Ya hace tiempo que asumimos que el cultivo de nuestro huerto educativo comienza por los más pequeños, convencidos no solo de que desde los primeros años se empieza a formar la conciencia y se adquieren competencias para el desarrollo personal, sino también de que es la tierra trabajada y cuidada con cariño la que será fértil en nutrientes y posibilidades de futuro.

En el último decenio, la Educación Infantil se ha ido convirtiendo en eje fundamental para las principales transformaciones pedagógicas y pastorales. Ha dejado de ser un mero pórtico de entrada a la escuela, escuela de los cagones se le llegó a llamar, para consolidarse como parte misma de la propuesta educativa en todas nuestras instituciones. Los estudios en Neuroeducación han contribuido a este cambio de perspectiva, mostrándonos que la plasticidad del cerebro acoge especialmente en los más pequeños, como huerto fértil, las metodologías proactivas que después permitan seguir cultivando los conocimientos, una progresión pedagógica que ya no diferencia edades o capacidades previamente establecidas, sino que integra a todos.

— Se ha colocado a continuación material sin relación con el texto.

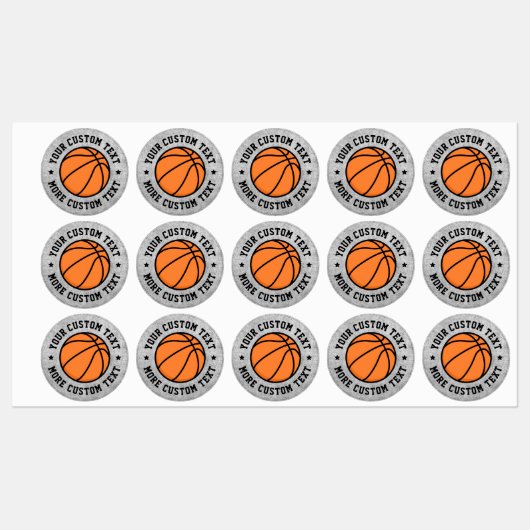 Basketbal aangepaste tekstlabels labels (Vel)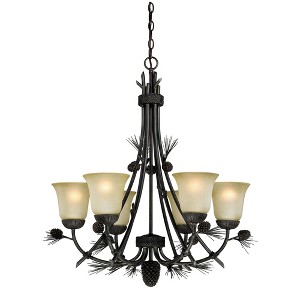 Vaxcel Sierra 6 - Light Chandelier in  Black Walnut - 1 of 4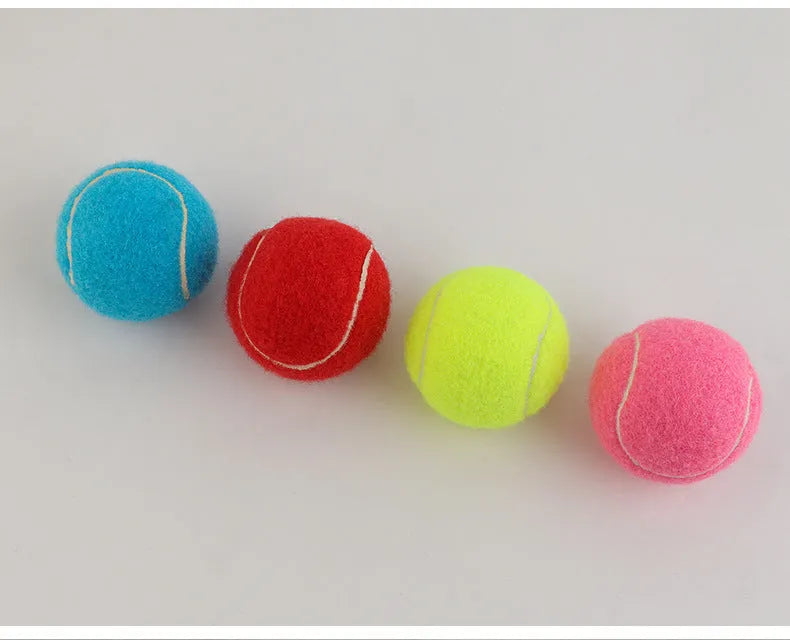 Rubber dog tennis ball toy in bright colours showing 6.3cm diameter size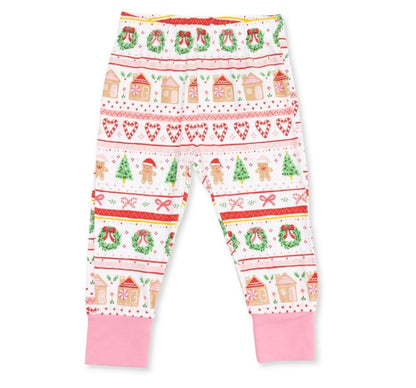 Gingerbread Fair Isle Pink Long Sleeve Loungewear Set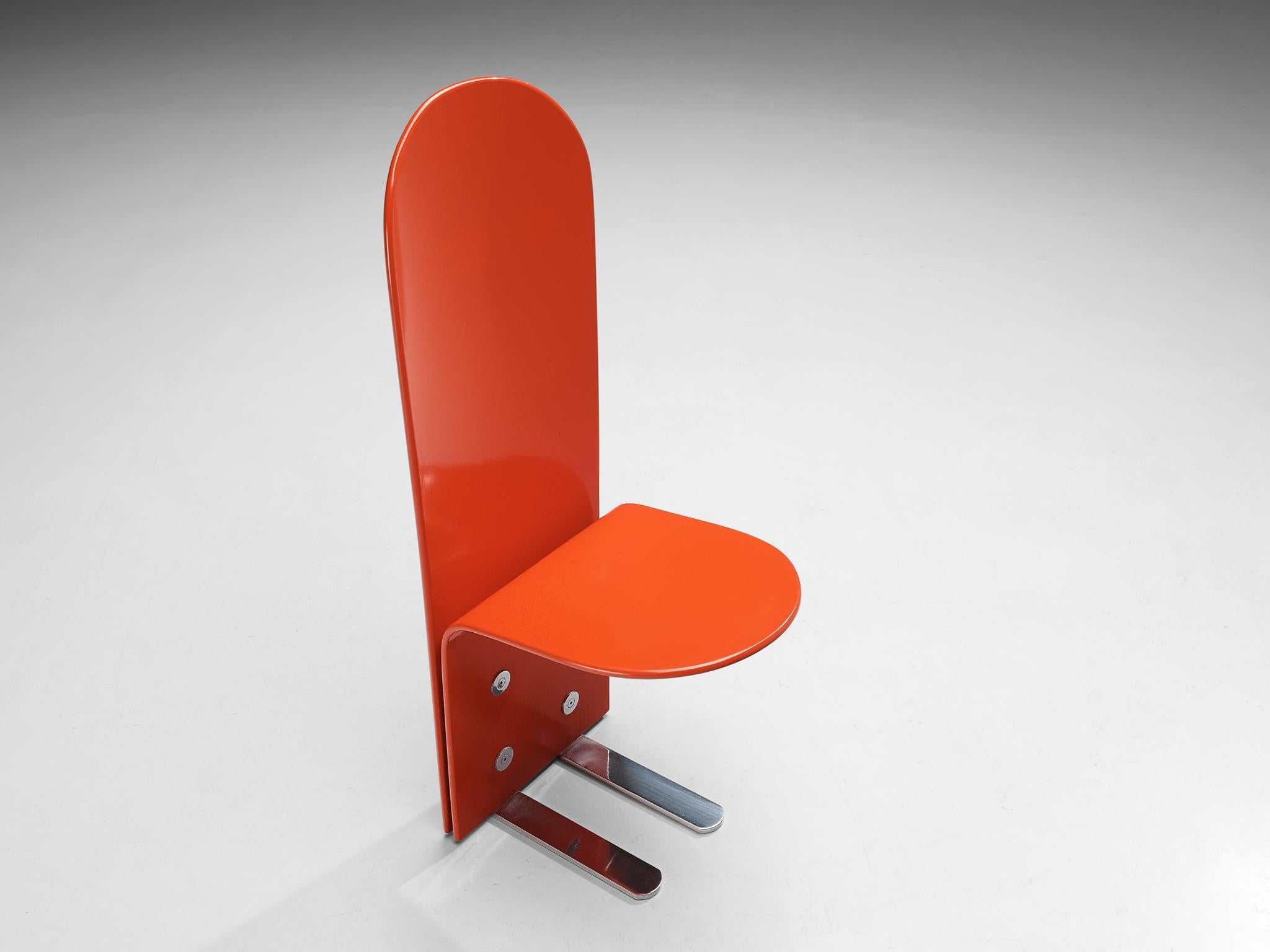 Luigi Saccardo für Arrmet: Stuhl „Pelicano“ aus rotem Sperrholz (Metall) im Angebot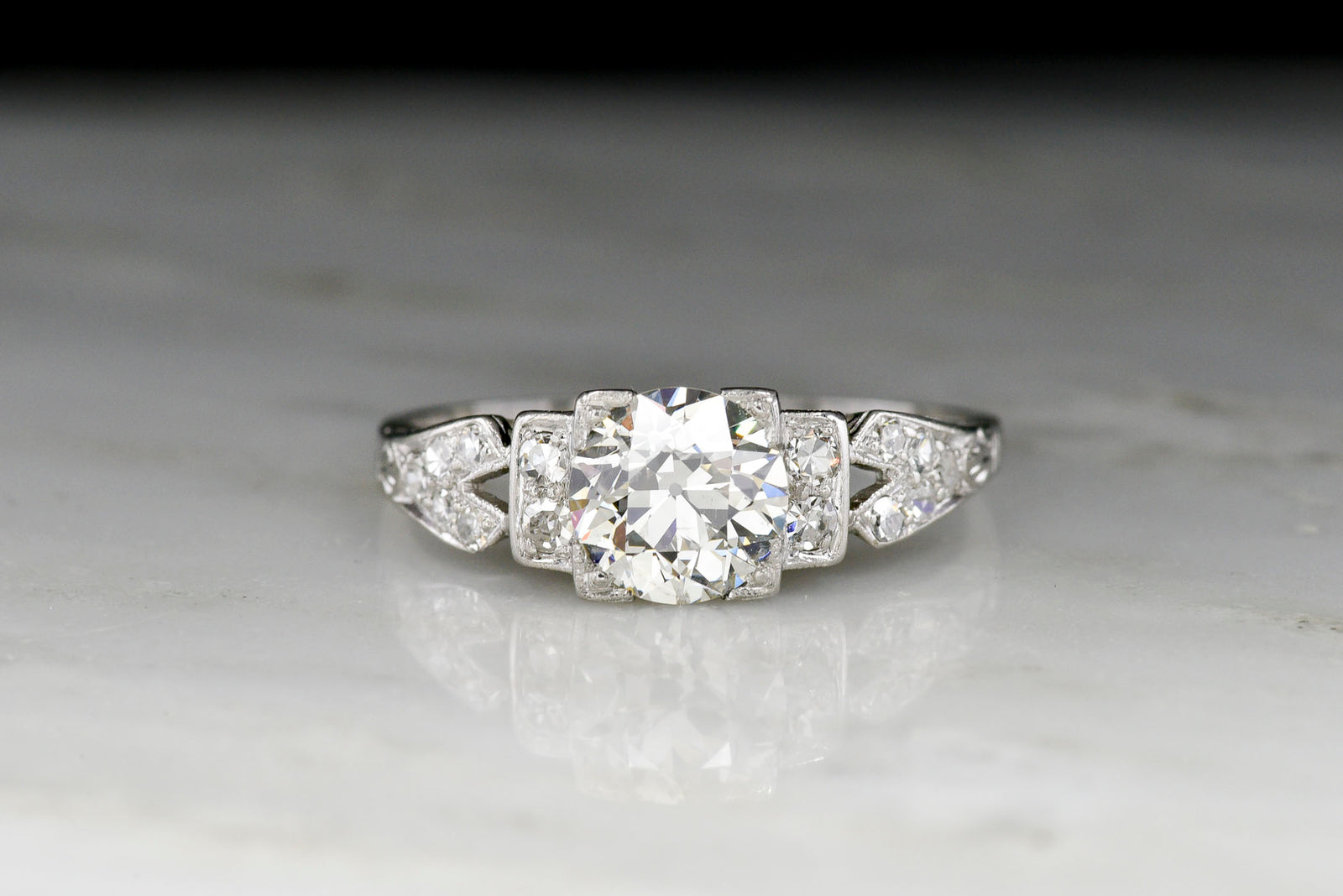 Edwardian Engagement Ring with an American Cut Diamond
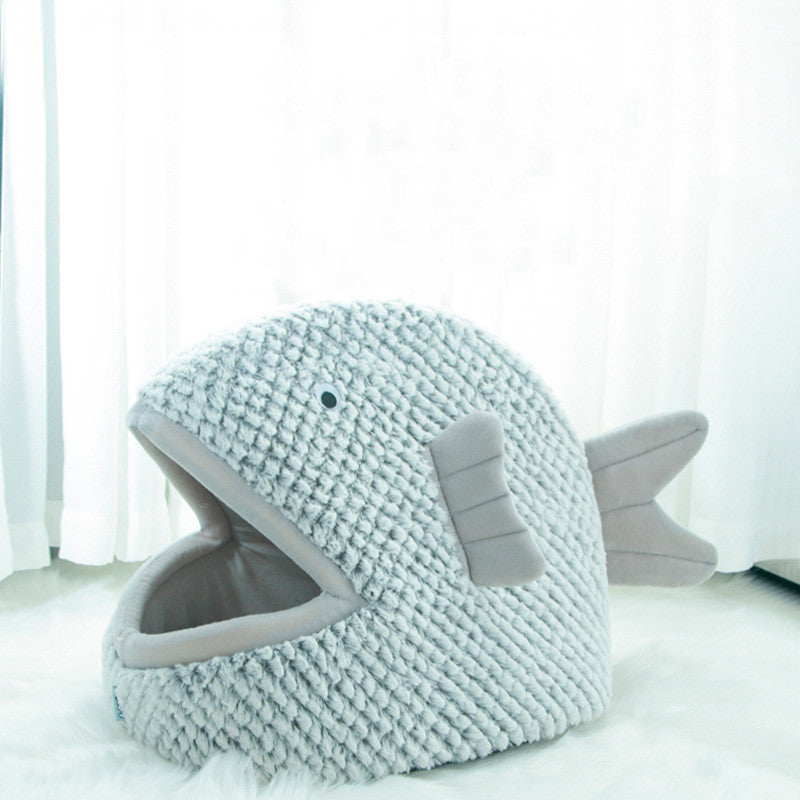 PetCarePlusShop®| Semi Enclosed Fish Shaped Cartoon Cat Litter Small Dog Pet Bed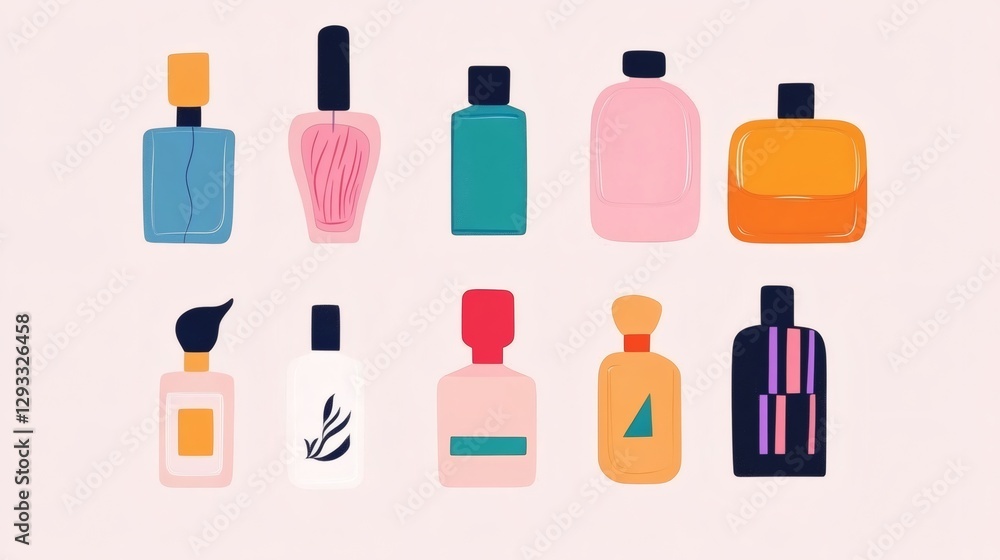 Various bottles displayed in a whimsical arrangement featuring colorful designs and shapes in a modern style Various bottles displayed in a whimsical arrangement featuring colorful designs and shapes in a modern style
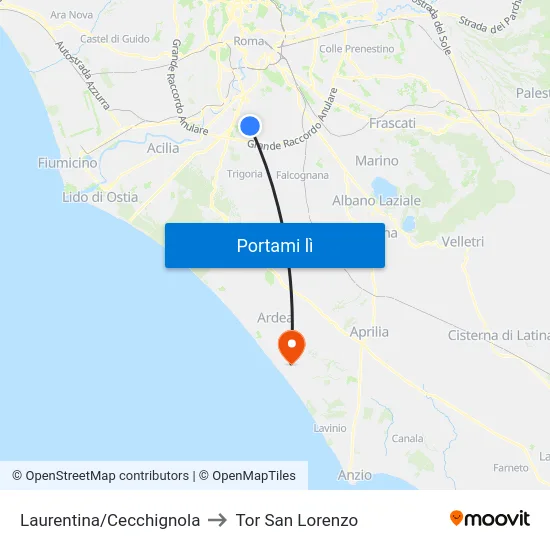 Laurentina/Cecchignola to Tor San Lorenzo map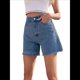 thumbnail image 3 of Pantalones Cortos Vaqueros para Mujer, Informales, de Verano, de Cintura Media, Deshilachados, Elásticos y Rotos. Azul Medio L, 3 of 10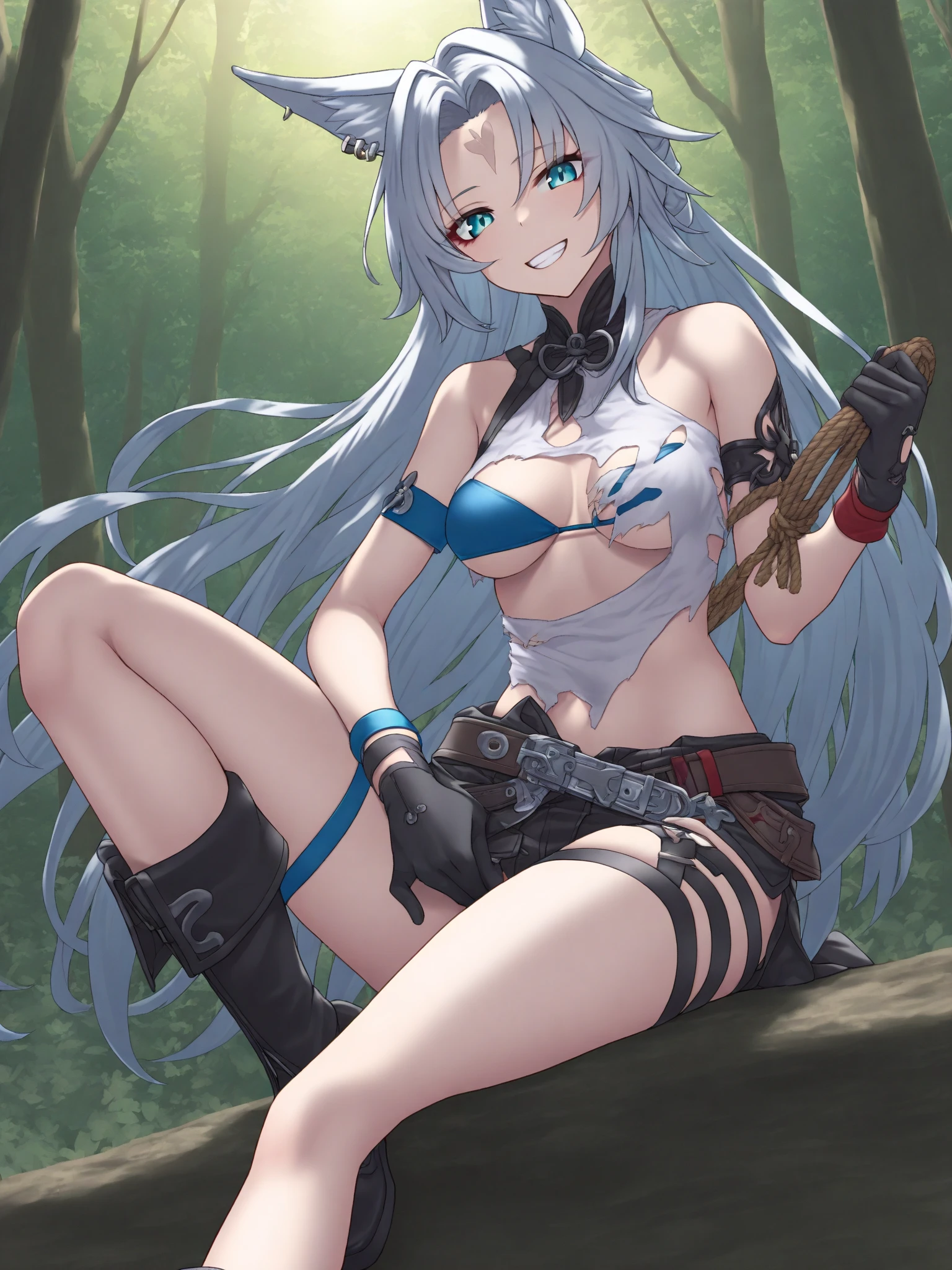 kaine \(nier\), 1girl, white hair, bandaged arm, bandaged neck, bandages, bangs, black bow, black gloves, blurry, blurry background, bow, braid, breasts, brown eyes, clothing cutout, collarbone, commentary, cowboy shot, detached sleeves, diagonal bangs, ekao, flower, frills, gloves, hair flower, hair ornament, highres, holding, holding weapon, leaf, light brown hair, lingerie, lips, looking to the side, medium breasts, negligee, nier, nier \(series\), outdoors, panties, plant, side slit, sidelocks, solo, standing, swept bangs, sword, thighs, underwear, weapon, white flower, white negligee, white panties,

<lora:kaine:0.6>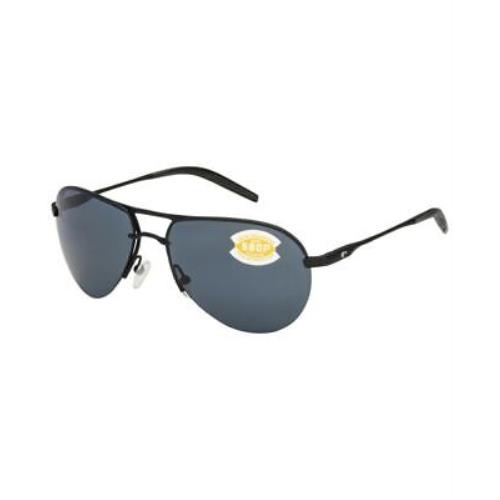 Costa Del Mar Helo Black Aviator Metal Matte Unisex Sunglasses Hlo 11 Ogp - Frame: Black, Lens: Grey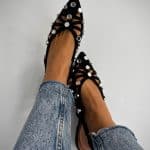 Slingback Intreccio Borchie - Nero - Image 2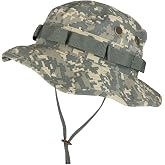 Armycrew Ripstop Tear Resistant Cotton Jungle Boonie Cap with Chin Strap
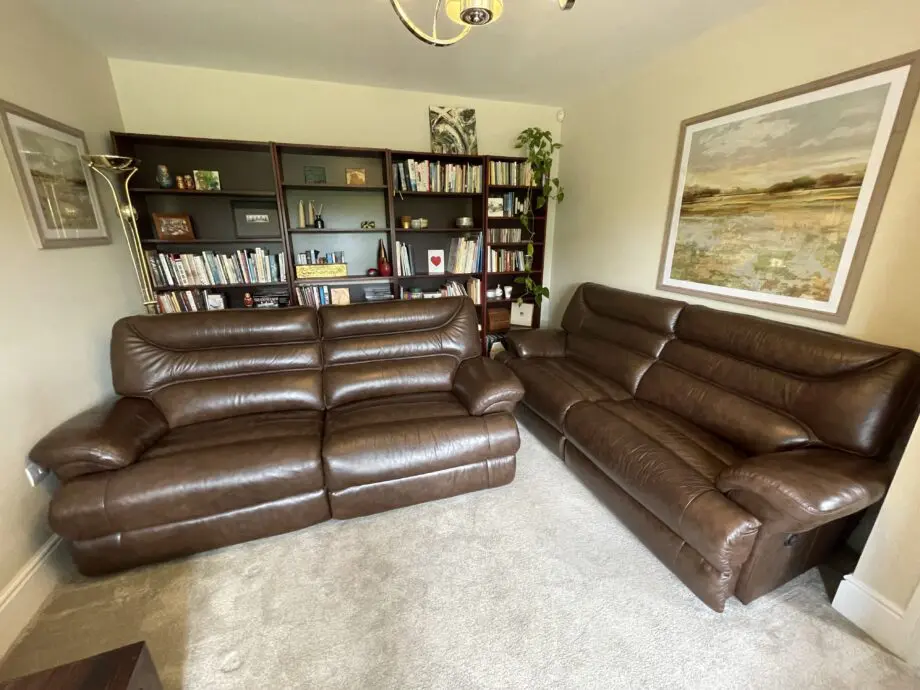 La Z boy brown leather power recliners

La incorporación a nuestros proyectos educativos de estas metodologías desde la etapa de Educación Infantil va en paralelo con la excelente formación que se ofrece a los educadores implicados en la misma, uno de los grandes aciertos de los programas que se realizan desde Escuelas Católicas. Otro de los aciertos es situar estratégicamente esta etapa como parte esencial de los planes de innovación pedagógica; especialmente en los centros integrados se ha percibido la fortaleza que supone comenzar el cambio por ella, destinando los recursos necesarios y observando positivamente su desarrollo y beneficios en las etapas educativas superiores.

La Educación Infantil, en toda su extensión, ciclo de 0 a 3 años y ciclo de 3 a 5 años, se nos revela también como espacio privilegiado para introducir el trabajo de las inteligencias emocional y simbólica, que serán base de cultivo para trabajar la trascendencia en posteriores etapas de desarrollo. El reconocimiento de las emociones, tanto en uno mismo como en los demás, desarrolla capacidades empáticas e interpersonales que ayudan a integrar la propia personalidad y afrontar un proceso de madurez que asuma tanto los éxitos como los fracasos. Esta educación emocional se debe complementar con una progresiva alfabetización simbólica, en la que los niños menores de 6 años son receptores y actores especialmente sensibles. Emociones y símbolos despiertan en ellos nuevas capacidades relacionales que favorecen la integración de las diferencias, tanto conceptuales como prácticas, en su entorno personal y de aprendizaje.

Al cultivar nuestro huerto debemos incorporar el optimismo volteriano; nadie se implica en la educación de los más pequeños sin tener la convicción de estar contribuyendo a construir un mundo mejor.